Member of the Georgia House of Representatives from the 57th district
- In office December 7, 2001 – January 11, 2021
- Succeeded by: Stacey Evans

Personal details
- Born: March 22, 1940 (age 86)
- Party: Democratic
- Alma mater: University of Madrid, New York University, University of Michigan
- Website: www.patgardner.org

= Pat Gardner =

American politician

Patricia Park Gardner (born March 22, 1940, in Alpena, Michigan ) is a Democratic member of the Georgia House of Representatives, representing the 57th District from 2001 to 2021.

== Political career ==
Gardner stood down at the 2020 Georgia House of Representatives election.

==Committees==
She serves on the House Appropriations, Transportation, Higher Education and Natural Resources & Environment Committees and the Appropriations Committee's Health Subcommittee.
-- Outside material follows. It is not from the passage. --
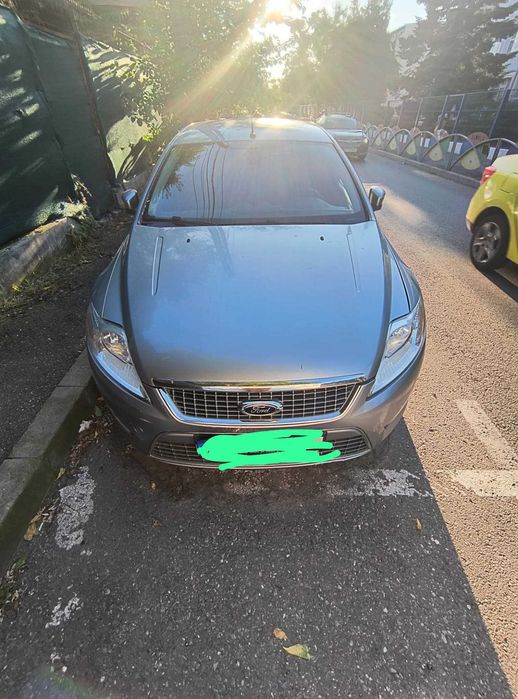 Mașina Ford Mondeo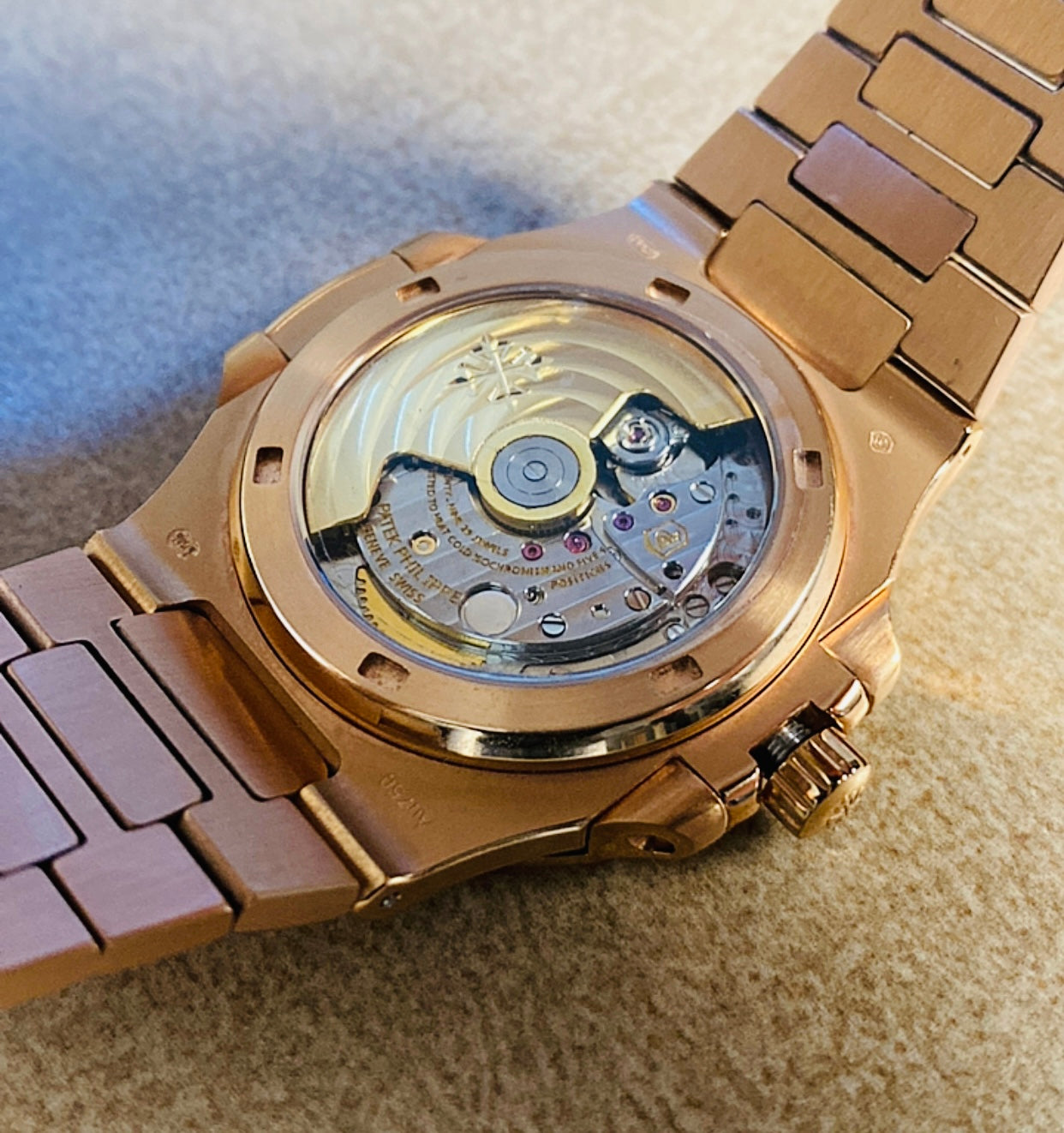 patek philippe 5711- تطابق ١٠٠٪ ماكينة سويسري باتيك فيليب نوتليس كلين قطعه واحده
She is the Treasurer of the Working Families Caucus, Chair of the Health and Welfare Subcommittee of the Fulton County Delegation, and immediate past chair of the Women's Legislative Caucus.

==Family==
Pat is married to her husband Jerry and together they have 2 children named Anita and Bradley. Pat and her husband currently live in Morningside, Georgia.

==Education==
Gardner received her BA from the University of Madrid and New York University Study Abroad Program. She also later attended the University of Michigan and Stephens College.